For the most part, the bench moves worked out. After struggling in the first half, Jones came back with a huge second half performance. Chavez did miss considerable time with a foot injury — worse, because it overlapped with Alex Rodriguez’s knee surgery — but he still managed to hit .263/.320/.356 when healthy. Considering the playing time available and the playing time they actually got, Jones and Chavez were two of the better bench players in the entire league last year.
It’s tough to mete out actual bench players. We can look at plate appearances, but there are so many variables that we can’t control for. Some bench players turn into starters when the player they back up gets hurt. Some players begin the season as a starter only to lose the job. There are also mid-season call-ups who are actually starters, but end up with a number of plate appearances similar to a bench player. And, of course, some bench players do get hurt, and others are so bad that they’re replaced — in which case neither of a team’s backups might fit into a plate appearance range. This is a long way of saying that it’s tough to place Chavez and Jones among their peers.
Keeping the above caveats in mind, Chavez fared very well compared to other infielders who got between 100 and 250 plate appearances in 2011. His .320 OBP in 175 PA ranked seventh in that group, all but a couple of the players ahead of him were injured starters (Casey Blake) or late call-ups (Brett Lawrie, Jason Kipnis, Dee Gordon). Using the same parameters for outfielders, Jones fares even better. His OBP ranked third among that group, and his SLG ranked second (by 25 points to a guy whose BA was 80 points higher). You can sort it out any way you want, but when you look at non-starters and compare them to Jones and Chavez, they come out looking great.
This is actually a remarkable feat for the Yankees, especially considering these players came from the free agent market. After all, who wants to sit on the bench while Derek Jeter, Alex Rodriguez, and Robinson Cano play every day? Perhaps Jones made sense, because he could play platoon caddy to Brett Gardner and Curtis Granderson. But before that the Yankees have had pretty solidly set outfields, which hurt the market for free agent backups. Remember, before the 2009 season both Hinske and Hairston signed elsewhere. It took a trade to get them in pinstripes, and even then it lasted just half a season.

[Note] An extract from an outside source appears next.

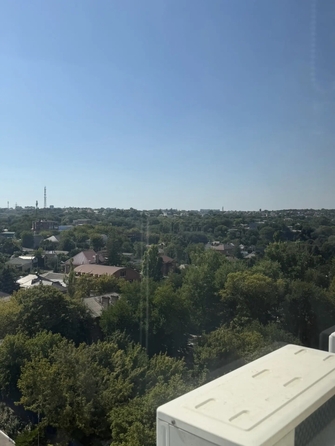 
  Продается студия 27 м². Фото 9.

The Yankees failure to sign Hiroyuki Nakajima now re-opens the door for Chavez, and the Yankees would do well to bring him back. He’s not ideal in many ways, particularly his penchant to land on the DL every year, but seeking out bench players is essentially choosing which ones have the most manageable flaws. If Chavez can avoid hurting his foot while running the bases, he could be one of the more productive infield options, both offensively and defensively. It’s hard to see any options on the free agent market, or any worth their price in a trade, who has the potential to add as much as Chavez.
(And that’s most certainly a commentary on the quality of bench players and not on Chavez himself.)

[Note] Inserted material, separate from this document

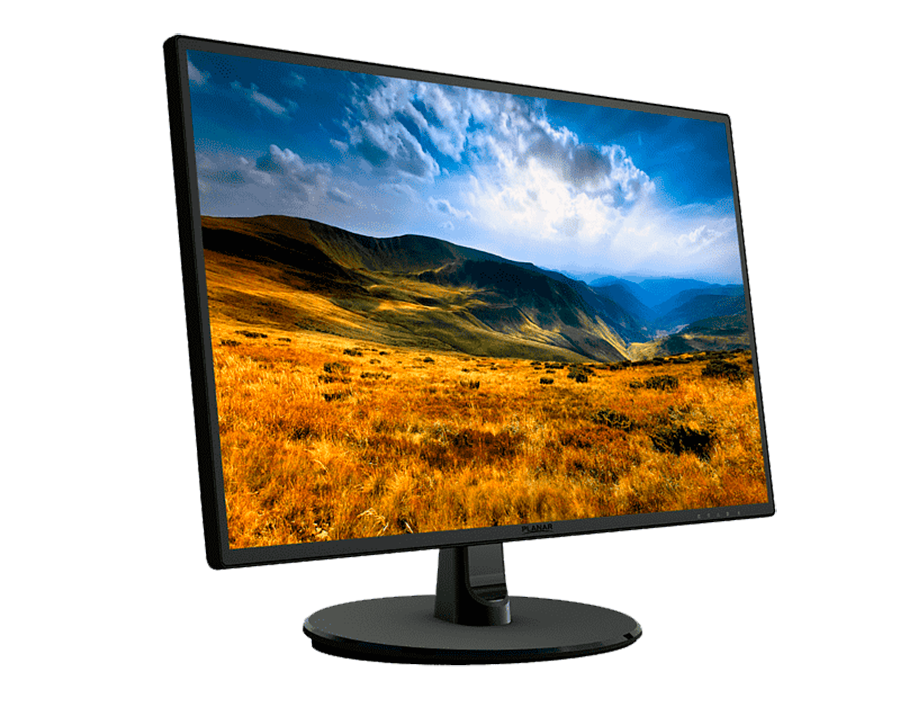 Скупка телефонов Череповец, скупка ноутбуков Череповец, скупка планшетов Череповец, скупка техники Череповец,скупка Череповец, скупка бытовой техники Череповец, скупка электроники Череповец, выкуп Череповец, скупка бытовой техники Череповец, скупка стиральных машин Череповец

If the two sides don’t work out a deal, it won’t threaten the season. The Yankees will simply roll with Eduardo Nunez as their all-purpose infielder and perhaps carry another lefty, say Chris Dickerson, on the bench. But given their current options and needs, Chavez seems a nice fit. He’s not going to hit like a starter, but of course, few if any bench players do. He can, however, provide production superior to his direct peers. That’s really what matters in this situation. While there’s plenty of risk involved, he is once again a nice fit for the Yankees.